You have to realize the Straits of Maulacha (?) between Sumatra and Thailand are a MAJOR shipping lane with the major port of Singapore guarding it. It is a natural "choke point" for maritime and naval traffic; more than 50% of the Persian Gulf oil comes thru this strait headed to China or Japan. Therefore many countries keep a very close eye on what goes on in this area...btw after 9/11 there was a plot by Al Quida or a splinter group to attempt to hijack a Liquid Natural Gas carrier and sail it into Singapore and blow it up in the dock area. The resulting blasts would have been equivalent to a small tactical nuclear weapon going off. Luckily the hijacking crew was tracked and as soon after they boarded their 2 fast small craft, were completely wiped out by helicopter gunships and jet attack aircraft before they could get to their target...


----------



## Hook N Book (Apr 7, 2004)

Toad Man said:


> Hey hook, prove it.


I'm not sure what I need to prove. The fact is, a commercial aircraft disappeared with human beings aboard. Until all the facts are uncovered, anything else is pure speculation.
Sorry, I choose to deal in reality.


----------



## viper1 (Apr 13, 2004)

Can't really believe what some adults think is feasible. I try to keep an open mind. But until somethings proven to exists or happen its child dreams. LOL! I don't see the confusion on this and its easy explained. 
The plane had an emergency, Probably a bad one, like gas, smoke or fire feeling the plain. Now this isn't a guess really. Typical response for this trouble is to bank hard and drop to 10000 feet or so. Trying to get to the point loosing pressure wont hurt.
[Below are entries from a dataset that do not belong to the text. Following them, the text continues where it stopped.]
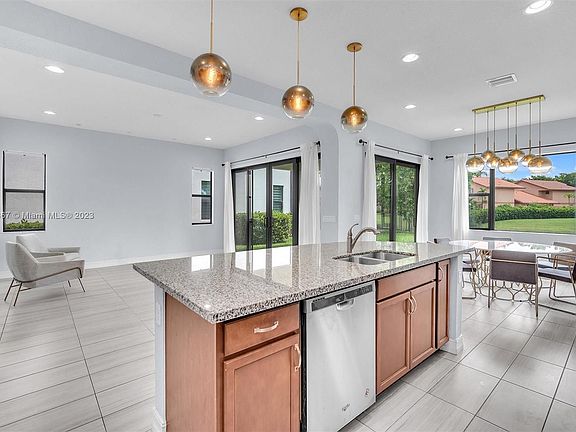 5th image of 1111 SW 113th Way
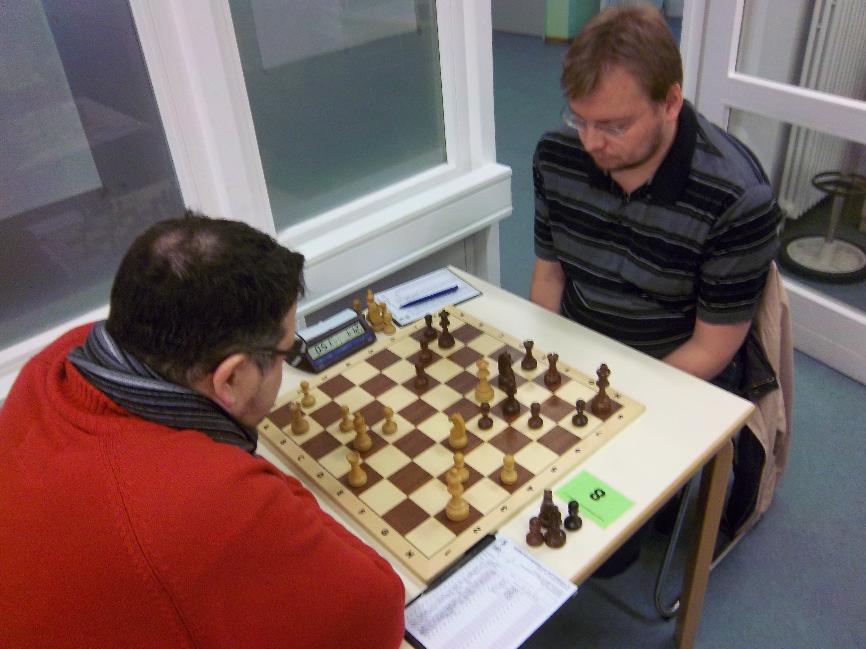 Schwarz zog deshalb Da5? Verlust) ziehen. Außerdem droht Weiß selbst nach Dxa5 Sxa5 mit dem nächsten Spieß Lb6. Und Da5-h5 scheitert an Lxa6!! bxa6 Dxa6+ gefolgt von Sb5 und Schwarz bricht zusammen.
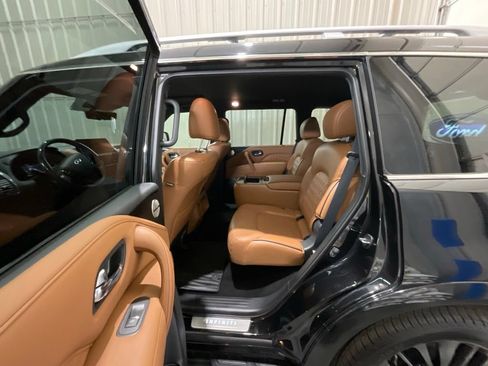 Used 2024 INFINITI QX80 Sensory w/ Cargo Package AWD/4WD image 9
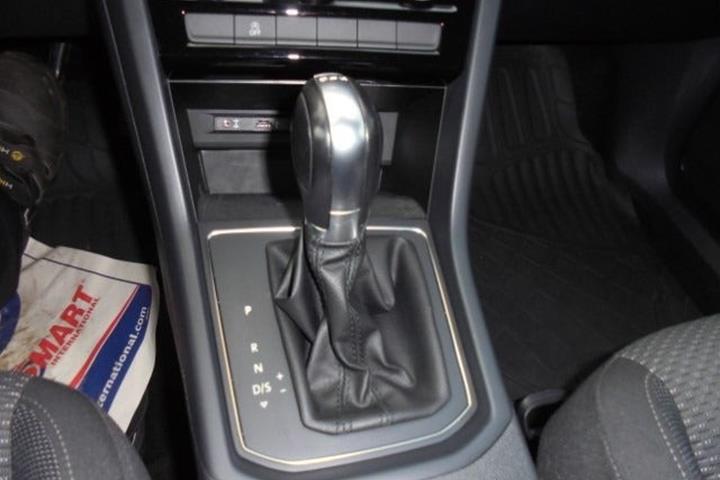 Hvid VW Touran fra 2019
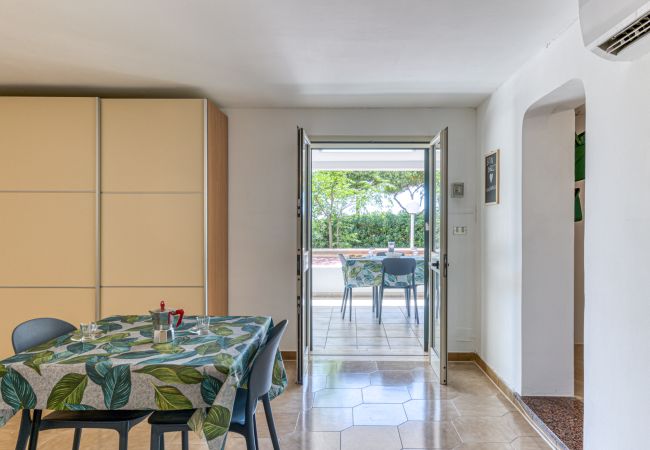 Villa in Pescoluse - Quiet country house with sea view and garden Villa in Pescoluse - Quiet country house with sea view and garden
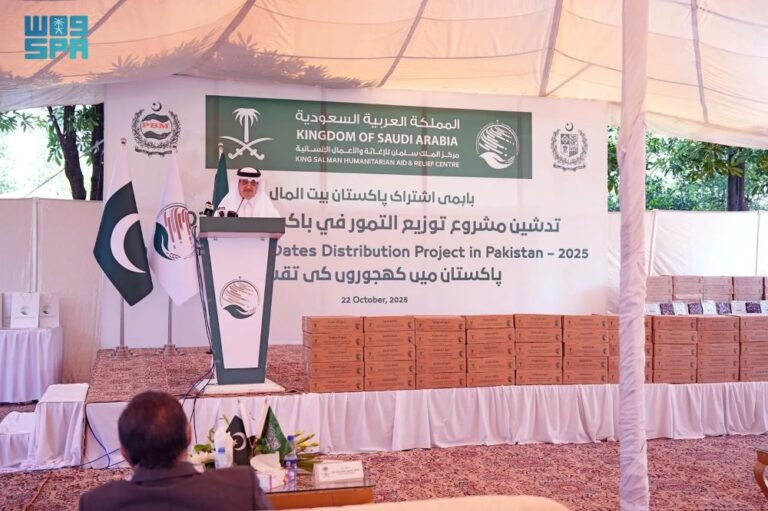 مركز-الملك-سلمان-للإغاثة-يدشّن-مشروع-توزيع-1.300-طن-من-التمور-بباكستان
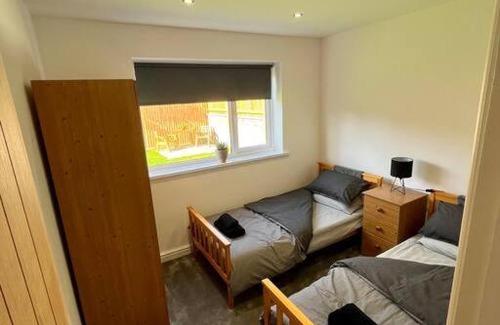 Neath House | Modern bungalow in good location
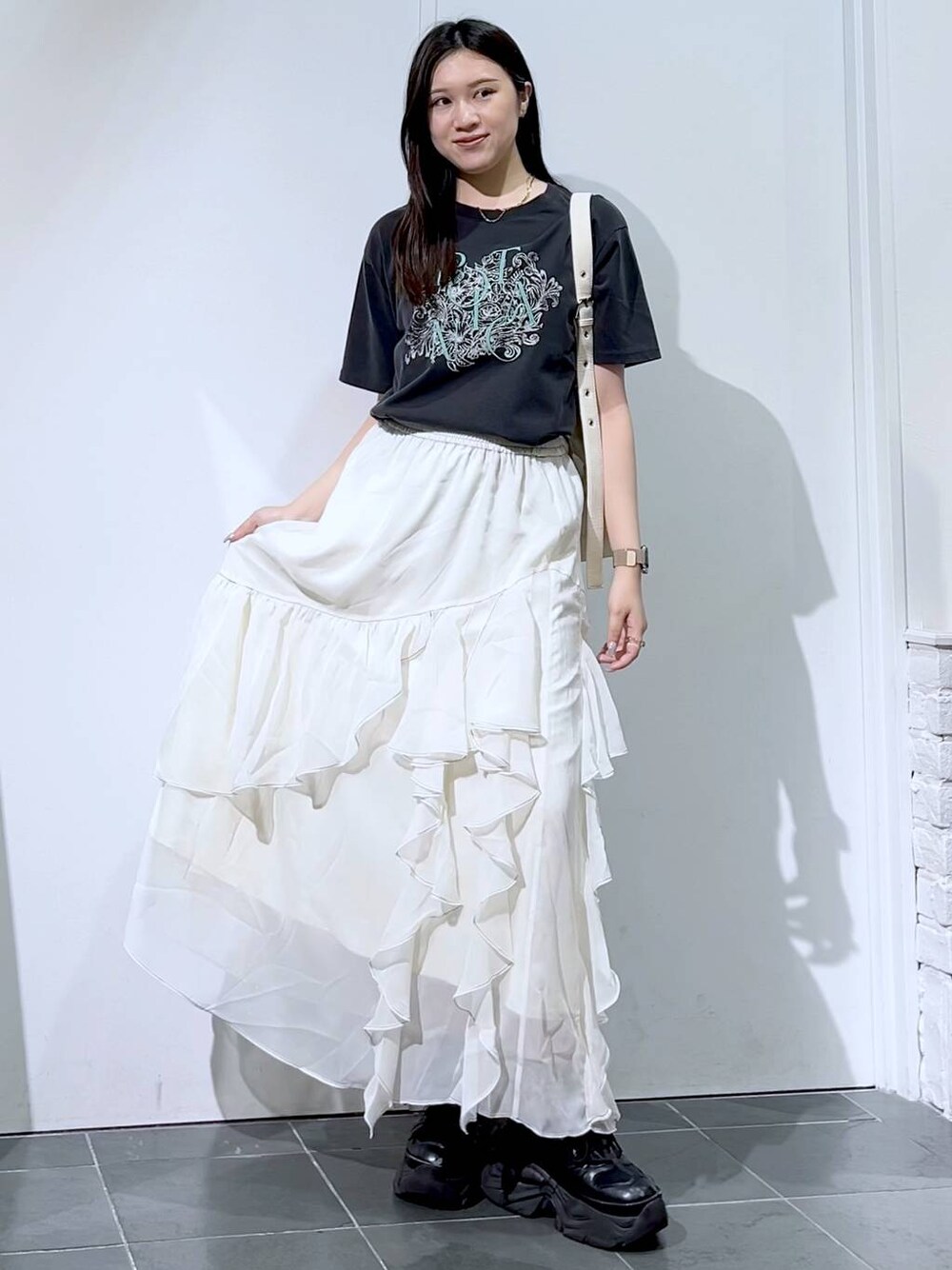 「モード、女子ウケ、着痩せ・細見え、骨格ストレート、個性派、韓国系、メンズライク、ストリート、カジュアル、PAGEBOY、スカート、Tシャツ、夏コーデ、サマーセール」｜「PAGEBOYのプラットチャンキースニーカー（スニーカー、ブラック系）」を使った、misao1130さん（レディース・161cm）の夏コーディネートの1枚目の写真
The box or signal every one is concerned with on this plane is located on the tail section, as were the lithium battery they were hauling but not suppose to be. We lost another plane the same way.
Reason radar lost it is with the transponder lost it had no identification on radar. So among all the planes on radar that aren't required a transponder it got hidden. Many areas have no radar as radar works in a circle and many don't reach the next and dont over lap. So once they learned it was identifying they had to contact each country to get access to radar for that period. So now they got the direction. Then from three different satellite pics they located probable wreckage. Now the real problem its 1500 miles from the nearest shore. Takes 4 hours to fly out and 4 hours to fly back. Planes have 8 hours of gas. Which means each plane can search 2 hours before heading home. Figuring their in the most desolate ocean in the world and the area they must search I think the problem is obvious to any one who don't believe a dead body can relive as a zombie! LOL! I believe the plane will never be found as they do not know point of entry, Also considering that water is over 3 miles deep. But they will answer a lot of questions with just the parts of wreckage they can recover. that i believe they will do if they find those pieces quick enough. But you martian and walking dead fans don't let me spoil your fantasy.


----------



## buckeyebowman (Feb 24, 2012)

Lowell H Turner said:


> Was assigned to Aviation Flight Training as a Aviation Survival Equipment Specialist (Parachute Rigger) for 30 days TAD. From what remember, loss of pressurization in the aircraft above 35,000 ft will cause almost instant unconsciousness and the blood and fluids in your body to rapidly expand, basically, for lack of a better medically correct term it "boils" inside your body, causing almost instant death. KEEP IN MIND, at 1 time the aircraft was thought to have climbed to 45,000+ ft of altitude. AS FAR as am aware, the cockpit of the 777 does NOT have a SEPERATE pressurization system; if you lose cabin pressure, you ALSO lose cockpit pressure. And while almost any aircraft can be modified to receive in flight refueling (Boeing 707 turned into a KC-135 "Stratotanker", or Lockheed L1011 turned into a KC-10, no civilian 777 or any other civilian aircraft that have ever heard of has this INSTALLED. Lastly, you are correct; ANY large commercial aircraft with no scheduled arrival data and NOT using it`s transponder WOULD be picked up VERY quickly and intercepted by fully armed fighters.


Thank you LHT!

I did not realize you were being sarcastic ostbucks. Without tone of voice or facial expression to cue off of that can sometimes be hard to pick up in the printed word. Once you posted same I went back and re-read your post and noted its position to the prior post, and the light bulb came on. Sorry, no offense meant. And yes, it's been a tough Winter! 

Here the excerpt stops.